Considérant qu'il résulte des dispositions précitées de l'article 12 de la loi du 2 mai 1930, combinées avec celles de son article 14 aux termes duquel : "Le déclassement total ou partiel d'un monument ou d'un site classé est prononcé, après avis des commissions départementales et supérieures, par décret en Conseil d'Etat" que, à moins d'un déclassement partiel prononcé en application de l'article 14, nul ne peut faire effectuer des travaux sur un site ayant fait l'objet d'un classement qu'après avoir obtenu une autorisation spéciale, donnée au cas par cas, en application de l'article 12 ; que, par suite, l'article 2 du décret attaqué qui autorise le ministre chargé de la défense nationale à réaliser, sans autorisation spéciale, sur les parcelles affectées à son département ministériel, toutes installations jugées nécessaires à la satisfaction des impératifs de la défense nationale, méconnaît la loi du 12 mai 1930 et doit être annulé ;
Sur les conclusions de M. A... et autres tendant à l'application des dispositions de l'article 75-I de la loi du 10 juillet 1991 :
Considérant qu'il n'y a pas lieu, dans les circonstances de l'espèce, de faire application des dispositions de l'article 75-I de la loi du 10 juillet 1991 et de condamner l'Etat à payer à M. A... et autres la somme qu'ils demandent au titre des frais exposés par eux et non compris dans les dépens ;
Article 1er : L'article 2 du décret du 13 février 1996 est annulé.
Article 2 : Le surplus des conclusions de la requête de M. A... et autres est rejeté.
Article 3 : La présente décision sera notifiée à M. Vincent A..., à Mlle Jeanne A..., à M. Jean Y..., à M. Jean-Paul Z..., à l'ASSOCIATION DE DEFENSE DES INTERETS DES BONIFACIENS ET DE LEUR ENVIRONNEMENT (ADIBE), à M. Jules X..., au Premier ministre et au ministre de l'aménagement du territoire et de l'environnement.


Synthèse
Formation : 6 / 2 ssr
Numéro d'arrêt : 183047
Date de la décision : 27/09/1999
Sens de l'arrêt : Annulation
Type d'affaire : Administrative
Type de recours : Recours pour excès de pouvoir

Analyses

ACTES LEGISLATIFS ET ADMINISTRATIFS - PROMULGATION - PUBLICATION - NOTIFICATION - PUBLICATION - FORMES DE LA PUBLICATION - Enquête préalable à la décision de classement de site - Modalités de publication de l'arrêté préfectoral prescrivant l'enquête - Insertion dans les journaux sous forme d'un communiqué de presse - Communiqué comprenant toutes les dispositions utiles à l'information du public - Régularité de la procédure.

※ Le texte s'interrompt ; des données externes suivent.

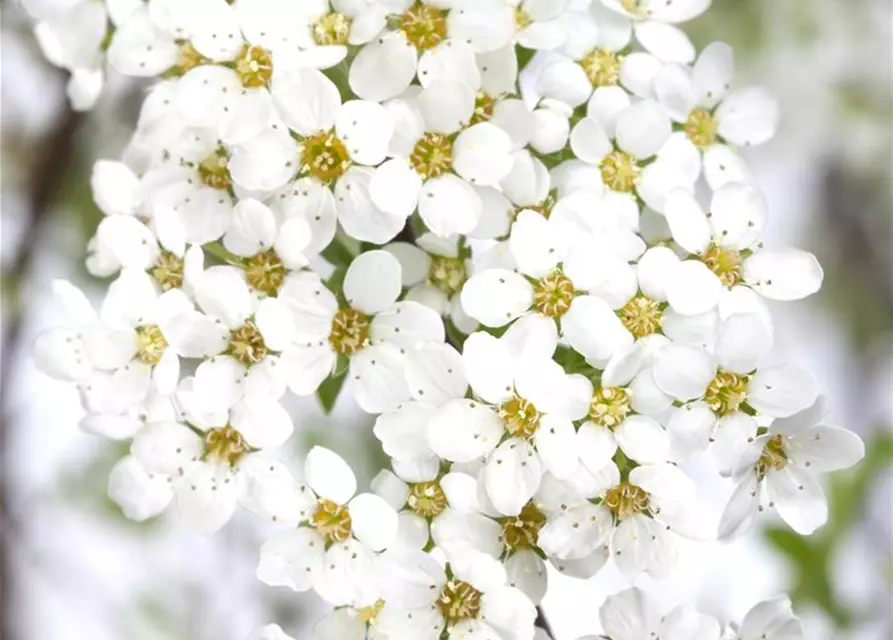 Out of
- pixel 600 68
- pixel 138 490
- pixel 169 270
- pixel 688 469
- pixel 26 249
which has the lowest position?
pixel 688 469

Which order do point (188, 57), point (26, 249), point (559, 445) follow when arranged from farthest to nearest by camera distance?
point (26, 249) < point (188, 57) < point (559, 445)

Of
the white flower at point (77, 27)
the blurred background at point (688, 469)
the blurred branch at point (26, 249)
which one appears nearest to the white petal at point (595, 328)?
the white flower at point (77, 27)

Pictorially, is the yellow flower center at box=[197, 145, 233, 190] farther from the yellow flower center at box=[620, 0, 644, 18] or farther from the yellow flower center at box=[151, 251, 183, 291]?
the yellow flower center at box=[620, 0, 644, 18]

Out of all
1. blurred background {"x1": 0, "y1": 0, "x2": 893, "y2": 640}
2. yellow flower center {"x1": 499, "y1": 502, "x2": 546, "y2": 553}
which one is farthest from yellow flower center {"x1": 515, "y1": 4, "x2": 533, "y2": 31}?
blurred background {"x1": 0, "y1": 0, "x2": 893, "y2": 640}

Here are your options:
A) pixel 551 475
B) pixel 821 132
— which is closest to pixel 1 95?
pixel 551 475

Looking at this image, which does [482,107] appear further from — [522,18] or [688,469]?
[688,469]

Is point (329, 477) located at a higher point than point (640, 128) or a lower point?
lower

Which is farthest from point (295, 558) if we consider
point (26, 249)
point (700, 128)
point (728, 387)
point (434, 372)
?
point (26, 249)

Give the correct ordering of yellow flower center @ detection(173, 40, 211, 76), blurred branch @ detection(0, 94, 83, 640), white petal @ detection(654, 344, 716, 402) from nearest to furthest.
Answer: white petal @ detection(654, 344, 716, 402), yellow flower center @ detection(173, 40, 211, 76), blurred branch @ detection(0, 94, 83, 640) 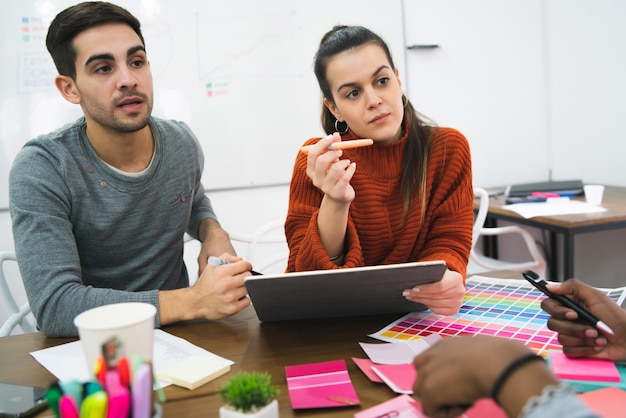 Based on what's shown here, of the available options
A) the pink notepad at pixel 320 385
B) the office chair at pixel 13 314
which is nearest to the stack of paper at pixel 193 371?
the pink notepad at pixel 320 385

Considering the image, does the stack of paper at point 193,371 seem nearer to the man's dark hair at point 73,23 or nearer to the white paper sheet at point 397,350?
the white paper sheet at point 397,350

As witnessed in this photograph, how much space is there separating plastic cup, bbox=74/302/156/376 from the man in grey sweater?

01-07-02-02, 41-02-02-01 L'article 4 alinéa 3 du décret du 13 juin 1969 dispose que l'arrêté prescrivant l'enquête préalable à la décision de classement de site "est inséré dans deux journaux dont au moins un quotidien dont la distribution est assurée dans les communes intéressées (...)". La circonstance que cette insertion a eu lieu sous la forme d'un communiqué de presse et non d'une publication de l'arrêté préfectoral lui-même est sans incidence sur la régularité de la procédure dès lors que ce communiqué reprenait toutes les dispositions utiles à l'information du public contenues dans l'arrêté.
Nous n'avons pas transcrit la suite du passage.